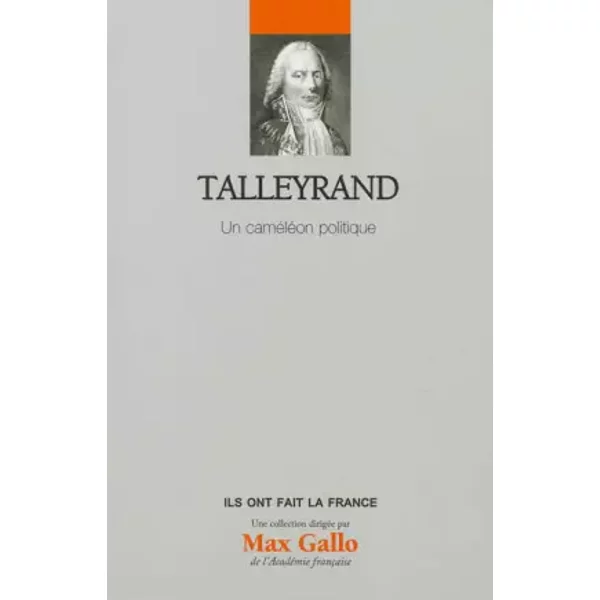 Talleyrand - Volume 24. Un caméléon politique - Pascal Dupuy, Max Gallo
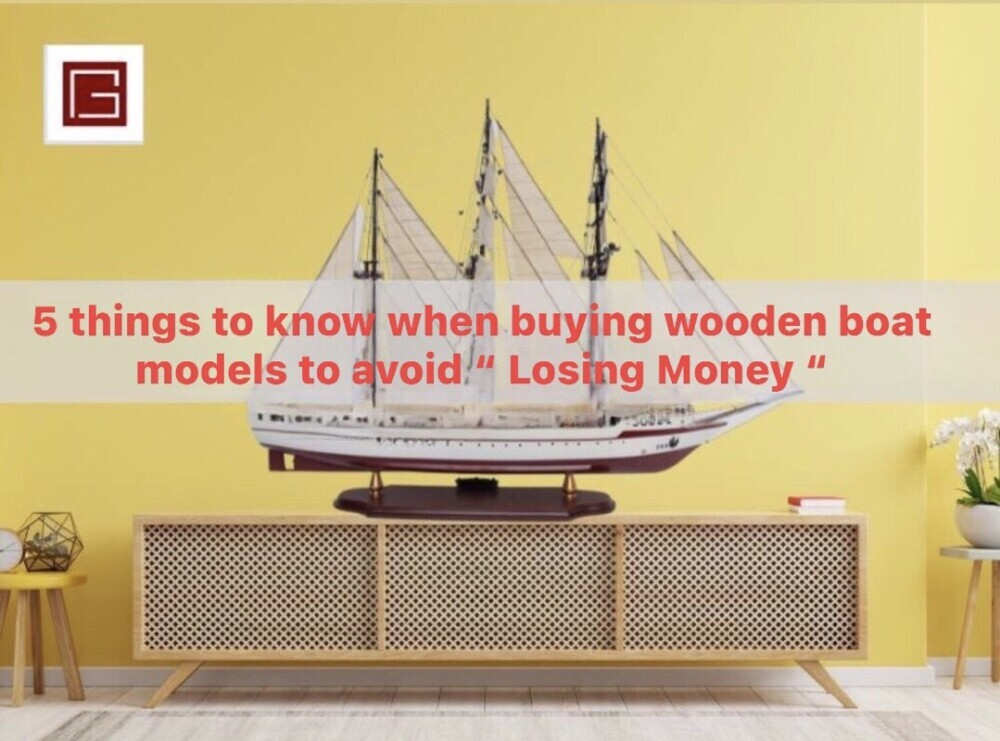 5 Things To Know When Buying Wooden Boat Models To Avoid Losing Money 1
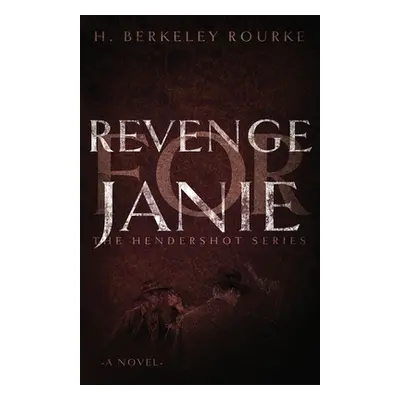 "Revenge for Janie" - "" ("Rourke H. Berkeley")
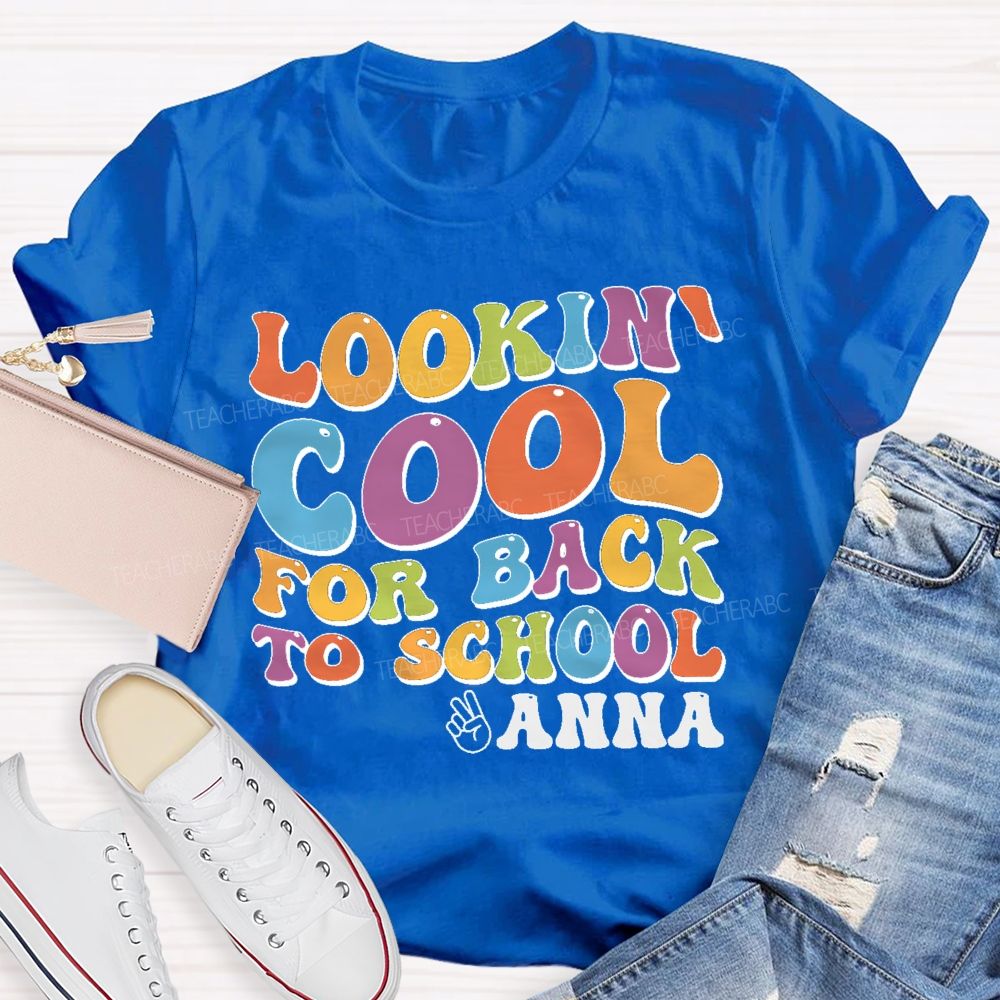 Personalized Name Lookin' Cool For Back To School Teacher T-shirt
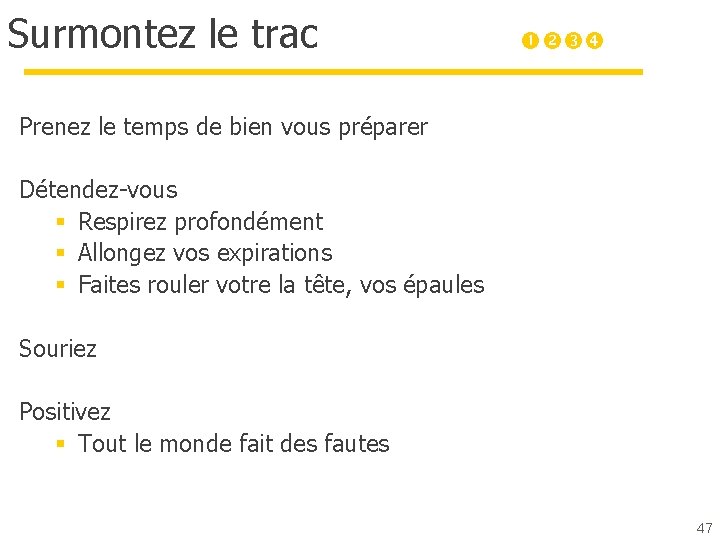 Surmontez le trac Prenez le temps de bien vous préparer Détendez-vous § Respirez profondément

+ + + + +

=== TASK ===
Would you copy all of the data exactly? Keep the pictures out of it.

=== OUTPUT OF THE TASK ===
 Talleyrand - Volume 24. Un caméléon politique - Pascal Dupuy, Max Gallo
 5 Things To Know When Buying Wooden Boat Models To Avoid Losing Money 1
 "Revenge for Janie" - "" ("Rourke H. Berkeley")
 Personalized Name Lookin' Cool For Back To School Teacher T-shirt
 Surmontez le trac Prenez le temps de bien vous préparer Détendez-vous § Respirez profondément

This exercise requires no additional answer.